While this would make the biggest difference for poorer countries, they also face the biggest hurdles. But advanced nations could hit this target much more easily. A focus on full employment here in America, for instance, would likely have made China’s entrance into the global trade order much less damaging. Moreover, given how much the rest of the world relies on the U.S. dollar, a more generous monetary and fiscal policy on our part would make life better for everyone.
4. Capital controls are useful and should be widespread again.
Capital controls are just government rules that restrict when private investors can move money across borders — usually on when they can take money out of a country. Obviously, if your focus is on friendliness to private investors, capital controls are a no-go, and the world has dismantled them over the last few decades. This was a mistake. Even if we don’t return capital controls to the old role they played in the middle of the 20th century, we should at least recognize that we went much too far in freeing up private capital to move across borders. Again, the biggest beneficiaries of this change would be poorer and developing countries. But even advanced economies like America could, if they wanted, use capital controls to buffer against the worst tendencies of offshoring and outsourcing.

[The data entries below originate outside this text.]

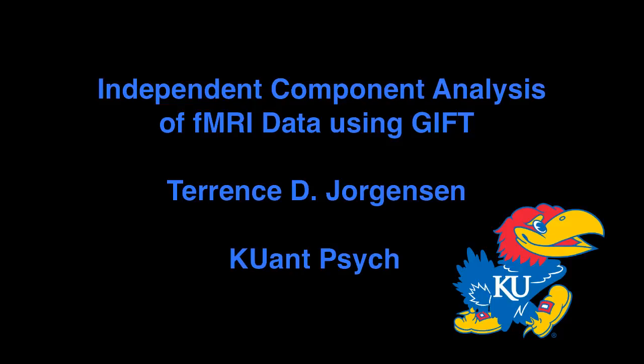This is a short tutorial illustrating how to use the Group ICA fMRI Toolbox, GIFT, provided by the Medical Image Analysis Lab.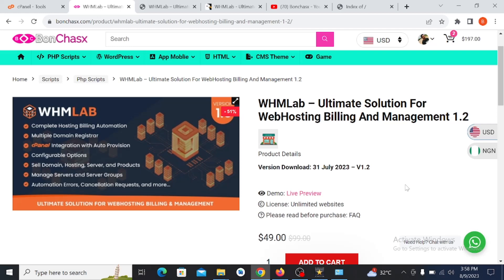I'm going to be showing you how to install WHMLab, the ultimate solution for web hosting billing and management. This script is one of the greatest scripts you can use to build up your business if you are willing to run a hosting provider or a domain provider. I will be showing you how to install it within just 5 to 10 minutes of your time.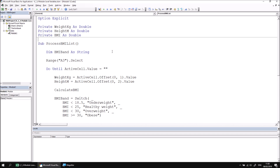At this point you can either continue with the extra practice session at the end of this part of the lesson, or you can simply move on to the next part of the lesson, which explains how to extend the scope of your variables so that they can be accessed from every single module in the same project.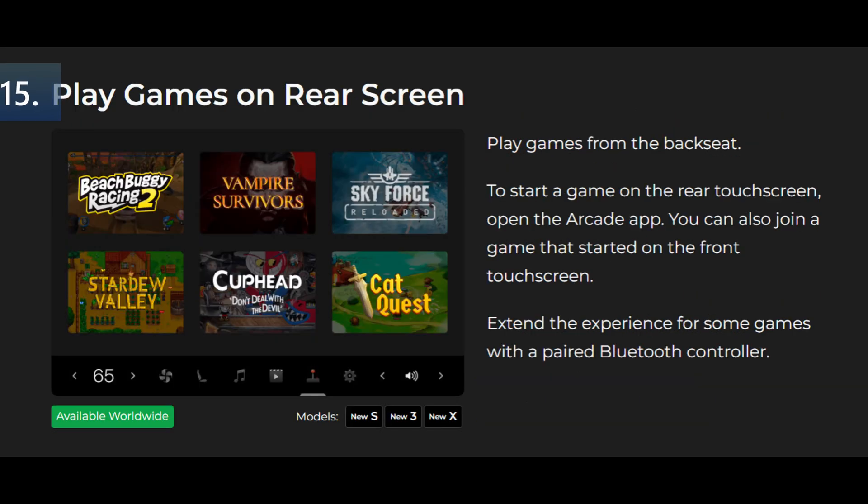Play games on the rear screen of the new S, new 3, and new X. Play games from the back seat. To start a game on the rear touchscreen open the arcade app. You can also join a game that started on the front touchscreen. Extend the experience with some games with a paired Bluetooth controller.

5. Countervailing asset purchases are better than tariffs.
While countries should have their own fiat currencies, and shouldn’t use hard pegs in their monetary policy, that doesn’t mean they should follow a strictly hands-off approach to exchange rates. Sometimes, it might behoove them to adjust their currency’s value relative to others.

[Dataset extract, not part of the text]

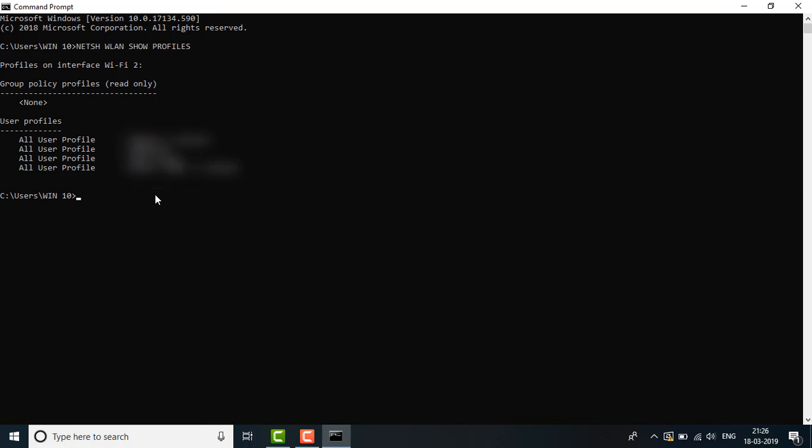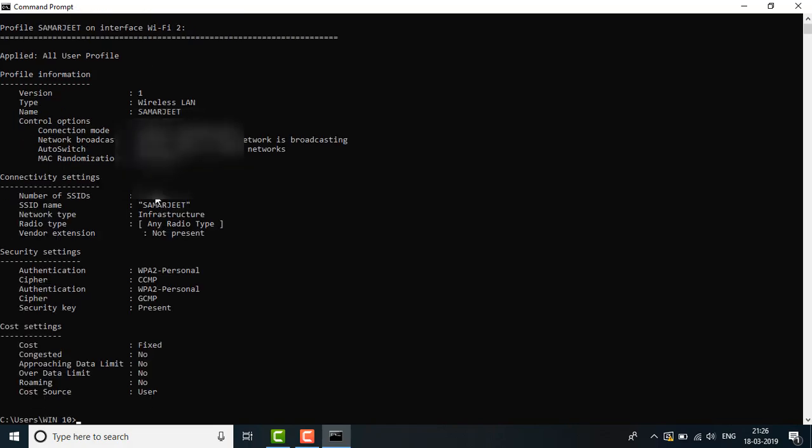After that, press the up button and space, then type one network name. Then hit the enter button again.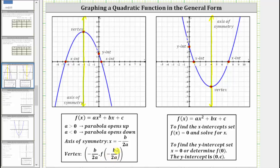For review: to find the x-intercepts or horizontal intercepts, we set f(x) equal to zero and solve for x. To find the y-intercept, we set x equal to zero and determine the function value f(0). The y-intercept is always (0, c).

Hopefully, adhering to the other principles already listed will minimize the need for those interventions, either by moderating trade imbalances, or by neutralizing the damage those imbalances can cause. But when countries do need to intervene in their exchange rates, doing so by buying or selling assets in other currencies — usually via their central bank or a sovereign wealth fund or some such — will work much better than tariff wars. Tariffs only affect currency values and deficits indirectly, requiring games of whack-a-mole with global supply chains. They ultimately have to force larger negotiations to have a meaningful effect. Purchasing assets, by contrast, cuts much closer to the roots of currency imbalances, and are policies countries can engage in unilaterally.

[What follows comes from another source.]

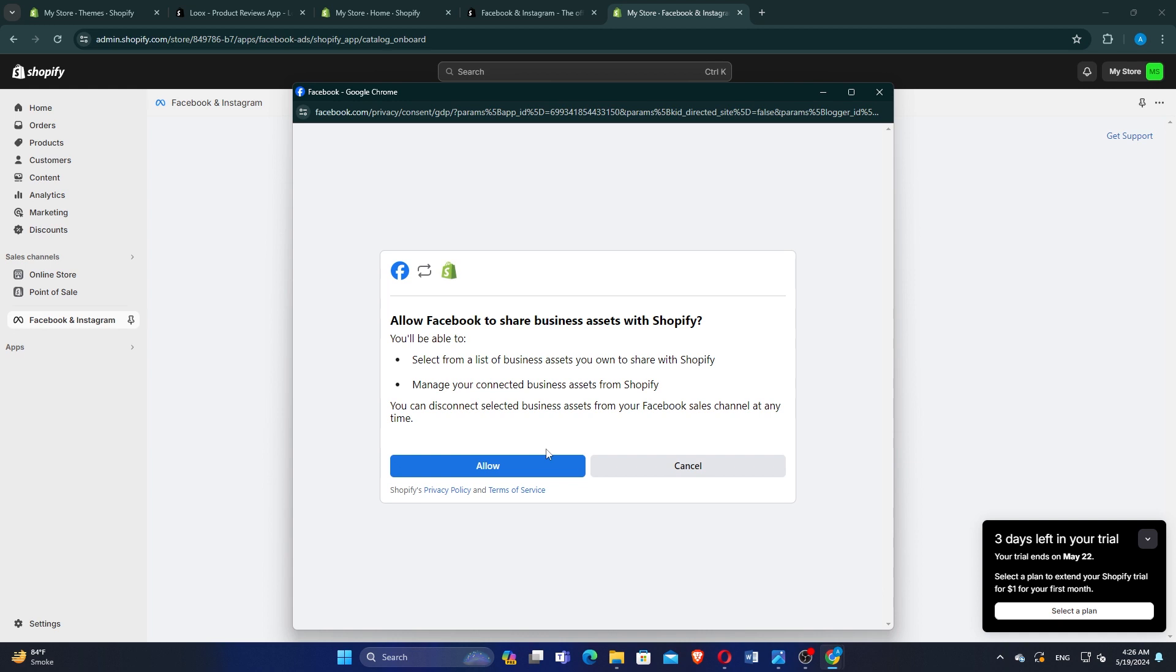Click on Allow to grant Shopify the necessary permissions to access your Facebook account.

6. Countries should place a higher priority on self sufficiency.
Right now, the global trade order emphasizes comparative advantage — countries specializing in particular goods and services, and relying on trade to provide the rest. In theory, this is supposed to make everyone better off. In practice, it’s been enormously destructive, particularly since what a lot of countries have “specialized” in is cheap labor.
While total self-sufficiency won’t be realistic all the time, we should at least swing the pendulum back in that direction. Once again, this is most important for developing countries, particularly when it comes to food, energy, and advanced technology. Nations should produce their own food and energy as much as possible, which will inevitably require more sustainable practices and more green energy. (Sun and wind, unlike oil and coal, are available everywhere.) Becoming self-sufficient in high technology will be much more difficult. But we can at least try to set countries on the path, and help them manage the challenges that come with relying on high-value imports in the interim. Protecting certain industries from global competition is an area where tariffs could be of use, not to mention subsidies and support from explicit and planned industrial policy.